I understand data structure alignment restrictions exist to optimize memory accesses because modern CPUs fetch memory in word-sized (or multiples of word-size) chunks. This would make me think that the that most optimal way to align data is to (fixed) word boundaries.
For example, consider the following structs on a 32-bit machine (compiled with gcc v6.2.0; CFLAGS: -Wall -g -std=c99 -pedantic):
struct layoutA {
char a; /* start: 0; end: 1; padding: 3 */
uint32 b; /* start: 4; end: 8; padding: 0 */
uint64 c; /* start: 8; end: 16; padding: 0 */
};
/* sizeof(struct layoutA) = 16 */
struct layoutB {
uint32 b; /* start: 0; end: 4; padding: 4 */
uint64 c; /* start: 8; end: 16; padding: 0 */
char a; /* start: 16; end: 0; padding: 3 */
};
/* sizeof(struct layoutB) = 24 */
Due to the self-alignment restriction, c forces the second struct to align itself to the 8-byte boundary instead of the word boundary (4-byte).
How does this reconcile with the original reason for alignment - memory optimization.

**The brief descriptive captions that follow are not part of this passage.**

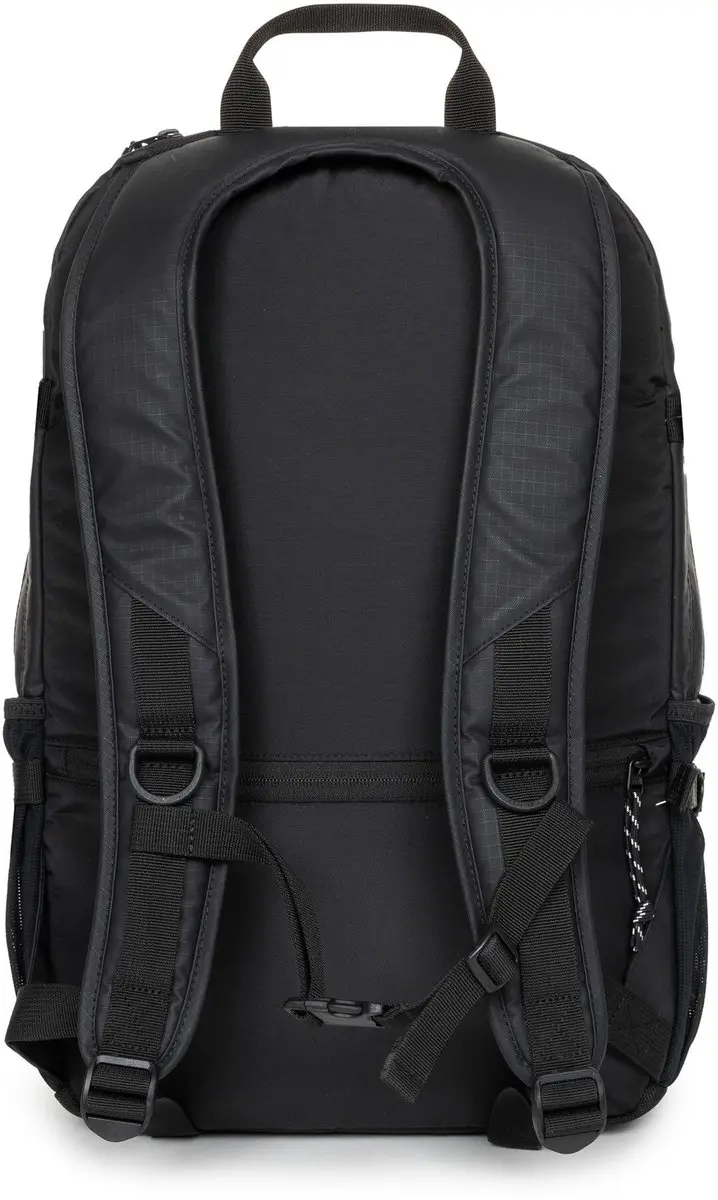 Eastpak Gerys Pro Rugzak 15.6 inch - 23L - Zwart - afbeelding 6 van 6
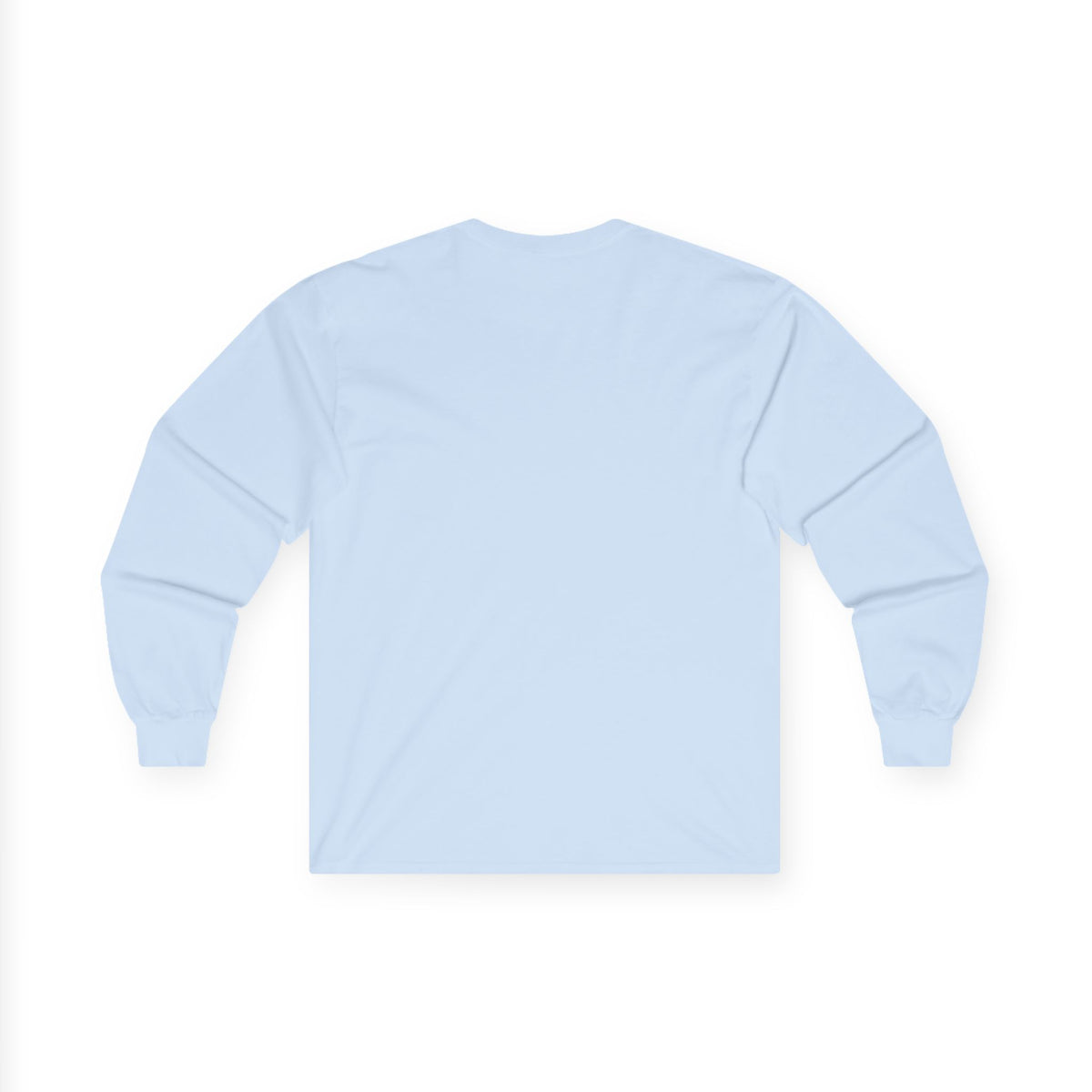 I Said What I Said™ Unisex Long Sleeve Tee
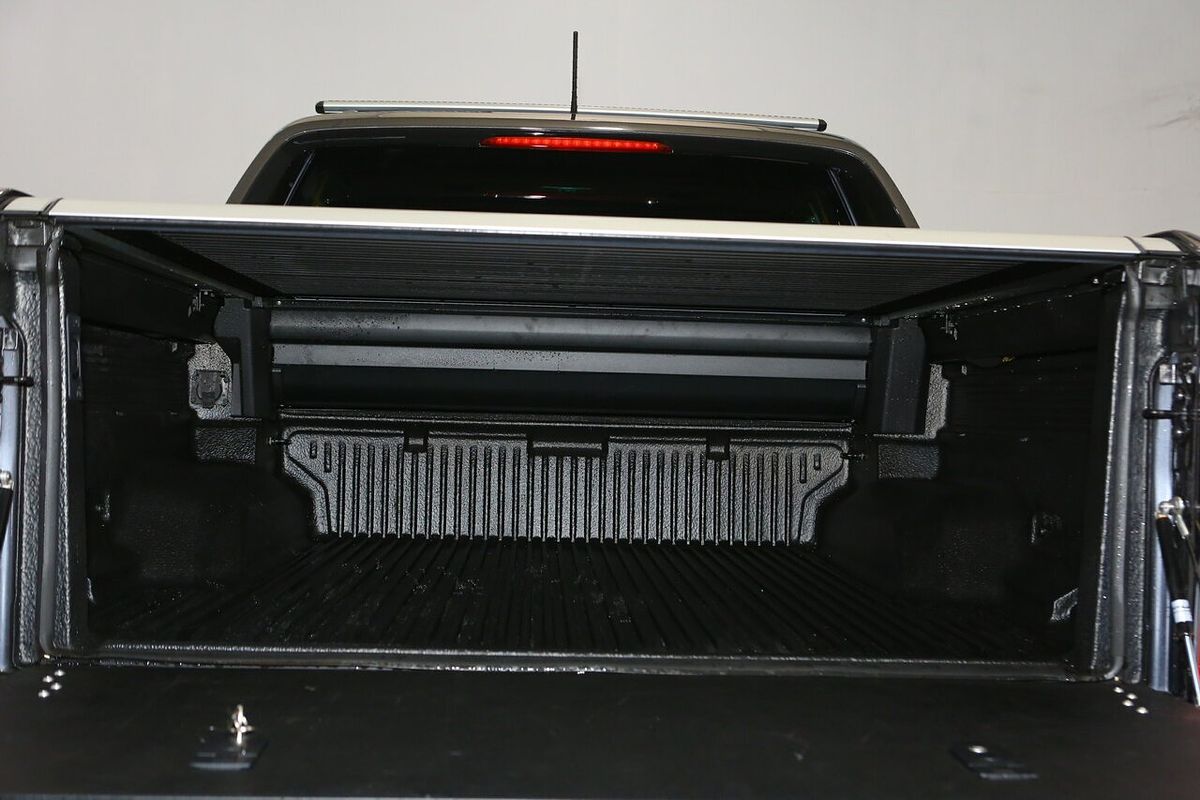 2020 Ford Ranger Wildtrak PX MkIII 4X4 2.0L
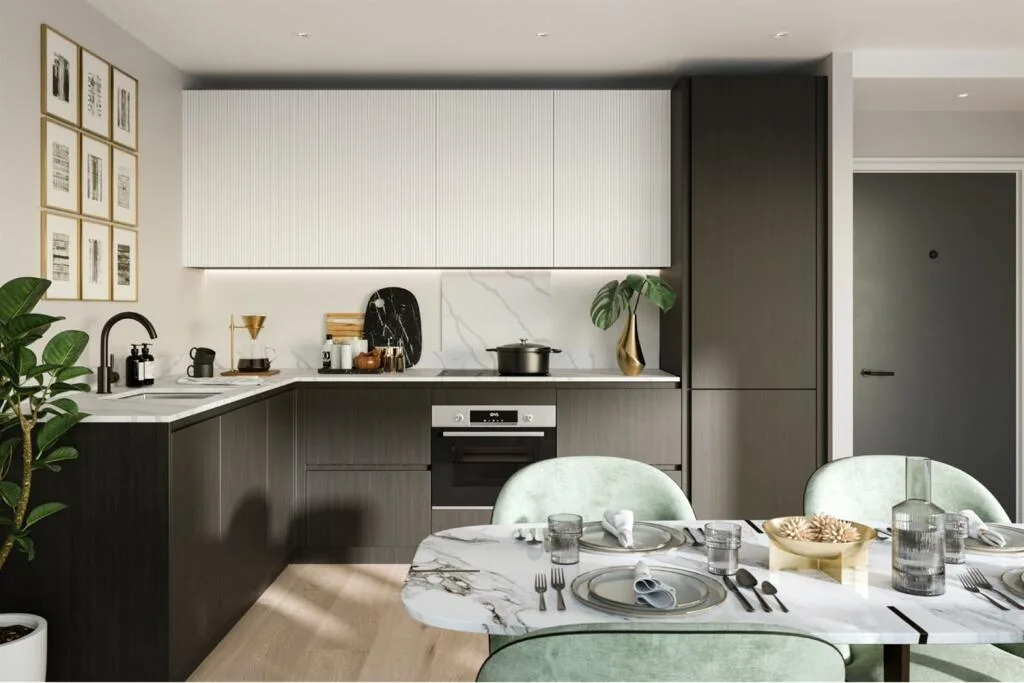 1 bedroom apartment for rent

It would appear that placing c at 4 should also help the CPU read it in 2 accesses (similar to the current case where it needs to access 2 words (at 8 and 12) to get the entire doubleword.
How does self-alignment optimize memory access? In other words, what benefit do we gain in the second case to justify the losing the space due to self-alignment?